* Data for processing *
* * *

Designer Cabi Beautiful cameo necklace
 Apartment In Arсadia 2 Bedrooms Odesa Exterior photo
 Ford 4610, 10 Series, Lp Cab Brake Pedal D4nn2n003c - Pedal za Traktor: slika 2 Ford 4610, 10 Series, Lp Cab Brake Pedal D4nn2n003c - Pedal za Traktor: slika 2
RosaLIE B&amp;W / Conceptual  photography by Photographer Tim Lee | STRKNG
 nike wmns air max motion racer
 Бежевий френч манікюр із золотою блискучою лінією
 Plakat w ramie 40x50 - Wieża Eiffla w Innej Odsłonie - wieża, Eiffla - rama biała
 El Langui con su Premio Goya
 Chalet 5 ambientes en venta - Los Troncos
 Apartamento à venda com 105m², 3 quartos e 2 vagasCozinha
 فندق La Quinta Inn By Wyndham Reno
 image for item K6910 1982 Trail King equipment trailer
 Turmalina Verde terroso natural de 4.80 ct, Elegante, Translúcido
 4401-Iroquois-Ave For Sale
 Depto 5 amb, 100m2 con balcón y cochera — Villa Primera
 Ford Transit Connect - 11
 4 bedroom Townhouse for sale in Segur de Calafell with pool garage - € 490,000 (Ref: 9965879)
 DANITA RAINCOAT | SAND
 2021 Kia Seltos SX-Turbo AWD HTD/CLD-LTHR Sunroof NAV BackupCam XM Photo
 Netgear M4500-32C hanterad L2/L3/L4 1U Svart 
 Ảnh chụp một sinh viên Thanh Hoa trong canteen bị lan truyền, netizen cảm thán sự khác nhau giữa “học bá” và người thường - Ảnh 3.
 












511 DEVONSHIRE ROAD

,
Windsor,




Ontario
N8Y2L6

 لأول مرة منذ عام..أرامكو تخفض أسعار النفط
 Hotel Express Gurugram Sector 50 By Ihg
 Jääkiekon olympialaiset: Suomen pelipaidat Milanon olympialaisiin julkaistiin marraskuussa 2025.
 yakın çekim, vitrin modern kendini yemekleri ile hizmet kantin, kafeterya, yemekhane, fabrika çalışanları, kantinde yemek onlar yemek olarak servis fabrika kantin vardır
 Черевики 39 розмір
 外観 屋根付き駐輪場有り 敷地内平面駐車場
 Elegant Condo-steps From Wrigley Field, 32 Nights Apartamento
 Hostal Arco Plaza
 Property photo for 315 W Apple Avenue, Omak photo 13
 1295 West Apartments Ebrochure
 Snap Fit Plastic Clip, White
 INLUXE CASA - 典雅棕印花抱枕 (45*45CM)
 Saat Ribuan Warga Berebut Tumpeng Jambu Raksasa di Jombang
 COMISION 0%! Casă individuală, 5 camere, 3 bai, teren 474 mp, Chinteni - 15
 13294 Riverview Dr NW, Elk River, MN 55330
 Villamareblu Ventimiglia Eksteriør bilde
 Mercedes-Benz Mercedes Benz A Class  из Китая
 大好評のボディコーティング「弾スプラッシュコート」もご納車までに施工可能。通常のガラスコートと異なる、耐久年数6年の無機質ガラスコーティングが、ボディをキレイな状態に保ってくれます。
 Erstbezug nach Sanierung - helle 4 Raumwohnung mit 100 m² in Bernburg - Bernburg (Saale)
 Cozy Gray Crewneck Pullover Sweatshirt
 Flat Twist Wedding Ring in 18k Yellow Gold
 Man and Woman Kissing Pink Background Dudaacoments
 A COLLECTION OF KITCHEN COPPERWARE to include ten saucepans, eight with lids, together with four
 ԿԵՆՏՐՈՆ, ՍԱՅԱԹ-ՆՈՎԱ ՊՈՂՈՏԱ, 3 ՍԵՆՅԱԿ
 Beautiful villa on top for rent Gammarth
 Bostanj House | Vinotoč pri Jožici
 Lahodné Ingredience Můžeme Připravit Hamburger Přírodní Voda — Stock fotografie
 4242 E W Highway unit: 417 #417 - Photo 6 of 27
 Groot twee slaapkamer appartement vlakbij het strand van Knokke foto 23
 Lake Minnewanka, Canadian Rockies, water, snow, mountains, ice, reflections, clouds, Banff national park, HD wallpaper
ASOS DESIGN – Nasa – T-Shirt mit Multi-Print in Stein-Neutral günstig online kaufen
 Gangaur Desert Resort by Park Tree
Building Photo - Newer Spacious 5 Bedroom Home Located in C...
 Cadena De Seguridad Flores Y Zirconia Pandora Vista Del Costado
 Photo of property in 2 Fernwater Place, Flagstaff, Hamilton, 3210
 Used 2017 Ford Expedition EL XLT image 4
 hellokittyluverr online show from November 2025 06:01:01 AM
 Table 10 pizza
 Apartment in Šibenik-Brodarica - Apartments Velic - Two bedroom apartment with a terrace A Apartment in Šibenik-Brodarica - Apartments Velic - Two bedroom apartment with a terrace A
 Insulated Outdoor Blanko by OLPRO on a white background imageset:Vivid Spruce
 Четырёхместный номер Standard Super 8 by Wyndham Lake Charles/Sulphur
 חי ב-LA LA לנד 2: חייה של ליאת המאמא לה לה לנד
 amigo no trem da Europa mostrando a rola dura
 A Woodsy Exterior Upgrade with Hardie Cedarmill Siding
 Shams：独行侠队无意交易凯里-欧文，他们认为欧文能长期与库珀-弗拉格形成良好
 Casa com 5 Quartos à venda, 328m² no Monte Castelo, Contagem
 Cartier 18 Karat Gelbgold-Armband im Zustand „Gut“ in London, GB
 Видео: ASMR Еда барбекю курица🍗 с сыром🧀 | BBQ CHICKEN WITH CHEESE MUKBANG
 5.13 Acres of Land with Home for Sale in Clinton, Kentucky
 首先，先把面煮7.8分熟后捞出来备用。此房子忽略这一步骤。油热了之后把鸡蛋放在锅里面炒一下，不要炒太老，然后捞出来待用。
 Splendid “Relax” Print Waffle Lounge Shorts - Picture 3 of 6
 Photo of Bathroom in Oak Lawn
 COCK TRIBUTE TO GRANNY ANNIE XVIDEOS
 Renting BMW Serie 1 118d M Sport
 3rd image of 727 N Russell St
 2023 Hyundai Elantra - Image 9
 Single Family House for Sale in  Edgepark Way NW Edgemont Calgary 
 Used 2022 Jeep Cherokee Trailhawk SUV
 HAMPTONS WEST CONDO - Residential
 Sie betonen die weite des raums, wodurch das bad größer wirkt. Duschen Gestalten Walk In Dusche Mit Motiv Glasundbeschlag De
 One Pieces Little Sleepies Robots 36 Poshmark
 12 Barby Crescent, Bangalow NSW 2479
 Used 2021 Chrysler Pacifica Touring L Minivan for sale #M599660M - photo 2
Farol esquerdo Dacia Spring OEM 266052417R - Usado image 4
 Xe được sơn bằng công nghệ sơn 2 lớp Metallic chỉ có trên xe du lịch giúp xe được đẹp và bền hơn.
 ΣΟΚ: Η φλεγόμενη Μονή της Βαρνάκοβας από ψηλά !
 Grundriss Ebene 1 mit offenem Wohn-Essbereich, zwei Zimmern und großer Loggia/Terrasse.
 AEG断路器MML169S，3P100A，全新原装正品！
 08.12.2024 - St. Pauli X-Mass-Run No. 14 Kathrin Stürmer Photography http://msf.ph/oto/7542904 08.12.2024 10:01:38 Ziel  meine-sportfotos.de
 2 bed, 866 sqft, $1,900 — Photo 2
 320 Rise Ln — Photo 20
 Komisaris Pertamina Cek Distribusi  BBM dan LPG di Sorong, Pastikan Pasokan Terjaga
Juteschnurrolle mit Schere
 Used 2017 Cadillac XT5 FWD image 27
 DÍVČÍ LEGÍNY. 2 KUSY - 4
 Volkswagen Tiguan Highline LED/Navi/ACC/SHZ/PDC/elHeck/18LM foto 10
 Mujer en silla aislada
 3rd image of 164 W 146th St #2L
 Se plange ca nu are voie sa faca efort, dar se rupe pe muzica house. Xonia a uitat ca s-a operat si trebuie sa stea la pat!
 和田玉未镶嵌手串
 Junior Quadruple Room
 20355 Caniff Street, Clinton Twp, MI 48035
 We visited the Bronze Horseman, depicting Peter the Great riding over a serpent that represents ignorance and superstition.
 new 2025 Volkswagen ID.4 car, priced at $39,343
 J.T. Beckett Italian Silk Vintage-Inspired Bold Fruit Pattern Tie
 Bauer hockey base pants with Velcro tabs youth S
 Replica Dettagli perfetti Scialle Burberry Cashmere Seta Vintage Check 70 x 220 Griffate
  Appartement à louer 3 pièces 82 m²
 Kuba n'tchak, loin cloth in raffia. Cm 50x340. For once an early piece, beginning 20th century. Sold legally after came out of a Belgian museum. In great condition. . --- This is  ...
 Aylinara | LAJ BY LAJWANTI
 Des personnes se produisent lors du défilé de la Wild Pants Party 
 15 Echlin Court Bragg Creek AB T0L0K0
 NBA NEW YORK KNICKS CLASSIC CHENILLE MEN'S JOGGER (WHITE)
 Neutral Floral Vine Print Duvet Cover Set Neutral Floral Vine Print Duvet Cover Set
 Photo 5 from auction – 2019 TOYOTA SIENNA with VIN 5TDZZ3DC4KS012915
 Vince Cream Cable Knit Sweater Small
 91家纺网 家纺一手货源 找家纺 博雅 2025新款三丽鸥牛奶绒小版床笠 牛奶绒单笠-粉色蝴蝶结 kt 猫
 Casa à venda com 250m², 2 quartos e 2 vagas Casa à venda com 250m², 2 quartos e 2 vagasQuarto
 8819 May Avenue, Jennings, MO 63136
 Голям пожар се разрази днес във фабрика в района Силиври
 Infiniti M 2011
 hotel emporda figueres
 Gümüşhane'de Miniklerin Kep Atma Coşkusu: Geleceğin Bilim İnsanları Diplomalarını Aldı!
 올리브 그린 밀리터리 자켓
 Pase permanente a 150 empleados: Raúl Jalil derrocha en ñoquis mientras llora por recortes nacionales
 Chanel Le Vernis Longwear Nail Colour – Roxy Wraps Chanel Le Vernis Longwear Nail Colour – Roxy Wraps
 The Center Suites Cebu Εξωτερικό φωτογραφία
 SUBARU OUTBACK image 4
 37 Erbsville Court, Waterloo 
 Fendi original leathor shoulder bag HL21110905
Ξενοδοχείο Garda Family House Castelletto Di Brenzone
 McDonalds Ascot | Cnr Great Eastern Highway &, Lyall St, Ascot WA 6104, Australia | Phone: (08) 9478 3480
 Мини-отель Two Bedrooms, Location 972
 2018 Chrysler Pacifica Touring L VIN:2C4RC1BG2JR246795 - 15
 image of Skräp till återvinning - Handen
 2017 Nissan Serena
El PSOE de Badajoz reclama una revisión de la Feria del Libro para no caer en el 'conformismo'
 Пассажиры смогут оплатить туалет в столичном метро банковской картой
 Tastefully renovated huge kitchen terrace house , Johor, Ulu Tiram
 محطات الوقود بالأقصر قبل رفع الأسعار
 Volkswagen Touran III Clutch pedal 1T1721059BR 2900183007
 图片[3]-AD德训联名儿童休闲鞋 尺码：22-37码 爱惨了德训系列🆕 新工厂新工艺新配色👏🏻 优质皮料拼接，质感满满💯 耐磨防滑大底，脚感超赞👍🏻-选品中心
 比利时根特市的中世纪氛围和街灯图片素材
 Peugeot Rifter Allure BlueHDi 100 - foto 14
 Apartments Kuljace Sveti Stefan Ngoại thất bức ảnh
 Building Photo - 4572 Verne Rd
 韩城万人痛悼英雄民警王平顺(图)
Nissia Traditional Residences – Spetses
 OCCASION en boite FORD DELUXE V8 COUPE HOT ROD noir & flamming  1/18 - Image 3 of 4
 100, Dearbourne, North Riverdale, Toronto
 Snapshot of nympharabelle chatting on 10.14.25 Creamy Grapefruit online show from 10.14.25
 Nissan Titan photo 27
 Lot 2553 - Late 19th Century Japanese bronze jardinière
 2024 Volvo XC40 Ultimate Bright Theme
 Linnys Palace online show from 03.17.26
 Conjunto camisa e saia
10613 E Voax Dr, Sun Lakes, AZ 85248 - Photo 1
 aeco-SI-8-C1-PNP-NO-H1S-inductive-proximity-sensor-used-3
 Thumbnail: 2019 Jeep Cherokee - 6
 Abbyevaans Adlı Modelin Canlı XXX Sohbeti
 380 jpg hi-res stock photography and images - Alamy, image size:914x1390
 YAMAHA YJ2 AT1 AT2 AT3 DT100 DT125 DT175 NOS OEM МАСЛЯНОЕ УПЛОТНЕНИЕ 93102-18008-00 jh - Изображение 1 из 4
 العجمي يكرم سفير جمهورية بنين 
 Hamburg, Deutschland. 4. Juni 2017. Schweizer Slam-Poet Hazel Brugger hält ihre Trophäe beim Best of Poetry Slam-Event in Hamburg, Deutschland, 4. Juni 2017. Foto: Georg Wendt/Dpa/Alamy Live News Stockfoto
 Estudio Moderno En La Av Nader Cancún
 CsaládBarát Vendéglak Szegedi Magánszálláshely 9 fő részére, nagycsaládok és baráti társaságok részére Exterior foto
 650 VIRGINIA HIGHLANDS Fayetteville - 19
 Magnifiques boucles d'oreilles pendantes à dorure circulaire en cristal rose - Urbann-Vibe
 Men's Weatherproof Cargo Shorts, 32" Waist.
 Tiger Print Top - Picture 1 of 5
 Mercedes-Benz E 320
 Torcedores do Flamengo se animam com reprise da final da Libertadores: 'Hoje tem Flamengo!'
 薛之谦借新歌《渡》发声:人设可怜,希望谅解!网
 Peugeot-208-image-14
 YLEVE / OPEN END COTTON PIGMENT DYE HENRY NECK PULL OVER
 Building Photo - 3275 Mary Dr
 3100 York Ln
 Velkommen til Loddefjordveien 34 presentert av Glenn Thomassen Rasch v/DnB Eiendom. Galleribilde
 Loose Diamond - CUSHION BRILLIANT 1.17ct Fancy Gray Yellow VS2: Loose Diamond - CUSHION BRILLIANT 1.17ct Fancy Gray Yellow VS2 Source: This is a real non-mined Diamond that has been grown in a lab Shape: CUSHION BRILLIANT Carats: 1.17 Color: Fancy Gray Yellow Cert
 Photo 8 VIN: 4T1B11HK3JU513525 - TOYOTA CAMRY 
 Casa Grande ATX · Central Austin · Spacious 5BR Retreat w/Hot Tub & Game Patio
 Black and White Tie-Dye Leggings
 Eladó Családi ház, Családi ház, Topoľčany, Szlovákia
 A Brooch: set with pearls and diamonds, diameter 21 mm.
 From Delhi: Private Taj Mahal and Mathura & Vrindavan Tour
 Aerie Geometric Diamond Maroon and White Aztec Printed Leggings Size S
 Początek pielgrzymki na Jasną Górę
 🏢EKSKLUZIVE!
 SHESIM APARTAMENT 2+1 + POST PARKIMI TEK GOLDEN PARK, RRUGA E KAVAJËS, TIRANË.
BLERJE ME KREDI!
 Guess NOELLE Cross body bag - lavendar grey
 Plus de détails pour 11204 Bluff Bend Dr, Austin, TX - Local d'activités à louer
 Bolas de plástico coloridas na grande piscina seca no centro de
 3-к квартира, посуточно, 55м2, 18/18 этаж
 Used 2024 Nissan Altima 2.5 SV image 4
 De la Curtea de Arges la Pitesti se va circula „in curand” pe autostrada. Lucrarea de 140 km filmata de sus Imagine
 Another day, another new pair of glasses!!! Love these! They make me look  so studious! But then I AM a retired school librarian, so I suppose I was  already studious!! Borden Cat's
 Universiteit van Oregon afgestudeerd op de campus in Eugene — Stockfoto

* * *

* Description of the task *
Starting from the line holding "Guess NOELLE Cross body bag - lavendar grey", restate the remaining lines of the data word for word, including the last.

* Reply to the exercise *
 Guess NOELLE Cross body bag - lavendar grey
 Plus de détails pour 11204 Bluff Bend Dr, Austin, TX - Local d'activités à louer
 Bolas de plástico coloridas na grande piscina seca no centro de
 3-к квартира, посуточно, 55м2, 18/18 этаж
 Used 2024 Nissan Altima 2.5 SV image 4
 De la Curtea de Arges la Pitesti se va circula „in curand” pe autostrada. Lucrarea de 140 km filmata de sus Imagine
 Another day, another new pair of glasses!!! Love these! They make me look  so studious! But then I AM a retired school librarian, so I suppose I was  already studious!! Borden Cat's
 Universiteit van Oregon afgestudeerd op de campus in Eugene — Stockfoto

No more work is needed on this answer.